“Shout joyfully to the LORD, all the earth; break forth in song, rejoice, and sing praises.” (Psalm 98:4).
This type of shouting sometimes refers to celebratory shouts at a king’s coronation (e.g., “Long live King Solomon” in I Kings 1:39-40 or “Long live the king” in II Kings 11:12-14 or “Hosanna” in Matthew 21:4-9); it could also be that type of shouting that is like a war cry. In this context, it would be celebrating the coming of a King.

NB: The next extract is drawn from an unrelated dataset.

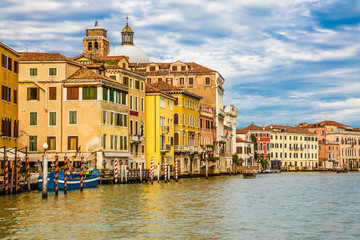 Grand Canal - Venice, Italy, Europe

To “break forth in song” refers to an exuberant outburst that someone cannot repress. It is an eruption of praise. It is the same word Isaiah uses in Isaiah 55:12 – “For you shall go out with joy, and be led out with peace; the mountains and the hills shall BREAK FORTH into singing before you, and all the trees of the field shall clap their hands.” It is as if the praise is constant and unstoppable. It is too great to be contained.

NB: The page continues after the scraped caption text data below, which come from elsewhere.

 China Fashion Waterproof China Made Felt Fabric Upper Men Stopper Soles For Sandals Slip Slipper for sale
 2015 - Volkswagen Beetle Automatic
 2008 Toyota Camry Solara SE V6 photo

You cannot be too hearty when it comes to singing. You can’t sing too loud or be too passionate when you open your lips to sing about God.
The noise in the Temple was legendary. It was borderline rambunctious. Let me give you an example of this from Ezra. Following the captivity in Babylon, the Temple was restored, and the walls were rebuilt. In Ezra 3, we see the formal, communal worship being restored and this is no light moment. We read,
“10 When the builders laid the foundation of the temple of the LORD, the priests stood in their apparel with trumpets, and the Levites, the sons of Asaph, with cymbals, to praise the LORD, according to the ordinance of David king of Israel. 11 And they sang responsively, praising and giving thanks to the LORD: ‘For He is good, for His mercy endures forever toward Israel.’ Then all the people shouted with a great shout, when they praised the LORD, because the foundation of the house of the LORD was laid. 12 But many of the priests and Levites and heads of the fathers’ houses, old men who had seen the first temple, wept with a loud voice when the foundation of this temple was laid before their eyes. Yet many shouted aloud for joy, 13 so that the people could not discern the noise of the shout of joy from the noise of the weeping of the people, for the people shouted with a loud shout, and the sound was heard afar off” (Ezra 3:10-13).
This was worship with gusto. Reformed theologian and late pastor James Boice gives us this exhortation:
“Should the worship of God’s people be any less exuberant today? Should we be quiet when we have come to know him who is the great King above all kings and the great Lord above all lords? Shame on us for all lackluster worship and all halfhearted praise.”
Don’t waste your singing. If you need to close your eyes, close your eyes. If you need to sit up close during the service, sit on the front row. If you need to learn the songs, spend some time learning them. Do whatever is necessary but don’t waste your singing.